### STORED DATA

Content starts

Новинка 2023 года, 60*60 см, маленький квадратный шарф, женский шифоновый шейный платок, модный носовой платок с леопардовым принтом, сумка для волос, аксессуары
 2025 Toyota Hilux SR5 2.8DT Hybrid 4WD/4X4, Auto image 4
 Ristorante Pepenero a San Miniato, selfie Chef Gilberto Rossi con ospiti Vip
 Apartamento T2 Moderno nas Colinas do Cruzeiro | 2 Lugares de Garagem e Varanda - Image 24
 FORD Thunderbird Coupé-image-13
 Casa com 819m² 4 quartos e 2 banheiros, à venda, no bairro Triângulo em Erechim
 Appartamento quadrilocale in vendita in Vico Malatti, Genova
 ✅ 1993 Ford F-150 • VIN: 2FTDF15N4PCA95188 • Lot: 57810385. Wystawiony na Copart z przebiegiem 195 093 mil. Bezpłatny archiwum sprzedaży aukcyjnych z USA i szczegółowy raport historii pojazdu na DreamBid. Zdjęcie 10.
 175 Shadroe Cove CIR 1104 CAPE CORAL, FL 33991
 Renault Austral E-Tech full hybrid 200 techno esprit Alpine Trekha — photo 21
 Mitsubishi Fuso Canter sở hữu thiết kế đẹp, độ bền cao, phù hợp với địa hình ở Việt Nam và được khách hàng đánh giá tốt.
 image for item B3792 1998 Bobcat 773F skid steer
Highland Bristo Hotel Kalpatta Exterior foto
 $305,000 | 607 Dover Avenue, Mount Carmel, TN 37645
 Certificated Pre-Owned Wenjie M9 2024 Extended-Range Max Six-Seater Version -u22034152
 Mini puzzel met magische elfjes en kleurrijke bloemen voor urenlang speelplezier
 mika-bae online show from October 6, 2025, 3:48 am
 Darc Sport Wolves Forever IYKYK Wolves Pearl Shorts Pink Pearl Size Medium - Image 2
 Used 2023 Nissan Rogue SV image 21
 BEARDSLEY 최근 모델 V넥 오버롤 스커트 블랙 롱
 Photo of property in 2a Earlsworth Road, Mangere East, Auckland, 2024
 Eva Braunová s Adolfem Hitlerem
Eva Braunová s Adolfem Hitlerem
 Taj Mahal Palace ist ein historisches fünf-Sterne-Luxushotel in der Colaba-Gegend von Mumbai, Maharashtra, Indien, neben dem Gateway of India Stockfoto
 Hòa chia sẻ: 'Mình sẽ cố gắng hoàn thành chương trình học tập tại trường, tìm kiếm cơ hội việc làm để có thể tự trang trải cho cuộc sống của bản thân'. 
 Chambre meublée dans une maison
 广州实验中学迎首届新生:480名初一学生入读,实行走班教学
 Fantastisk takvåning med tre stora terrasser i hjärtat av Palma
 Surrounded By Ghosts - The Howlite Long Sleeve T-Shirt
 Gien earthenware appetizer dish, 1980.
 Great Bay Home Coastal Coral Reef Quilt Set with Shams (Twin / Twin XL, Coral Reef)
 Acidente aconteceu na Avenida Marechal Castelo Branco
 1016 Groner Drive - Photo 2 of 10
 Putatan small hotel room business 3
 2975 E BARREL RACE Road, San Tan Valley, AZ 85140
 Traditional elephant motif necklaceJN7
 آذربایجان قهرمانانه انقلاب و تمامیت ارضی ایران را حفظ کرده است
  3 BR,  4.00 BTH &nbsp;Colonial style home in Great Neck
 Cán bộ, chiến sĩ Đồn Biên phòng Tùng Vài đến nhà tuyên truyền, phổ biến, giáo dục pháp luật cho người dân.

Content ends

### WHAT THE EXERCISE ASKS
Could you give again exactly the lines from the line containing "in Great Neck" through the final line of the data above, and no others?

### ANSWER BOX
  3 BR,  4.00 BTH &nbsp;Colonial style home in Great Neck
 Cán bộ, chiến sĩ Đồn Biên phòng Tùng Vài đến nhà tuyên truyền, phổ biến, giáo dục pháp luật cho người dân.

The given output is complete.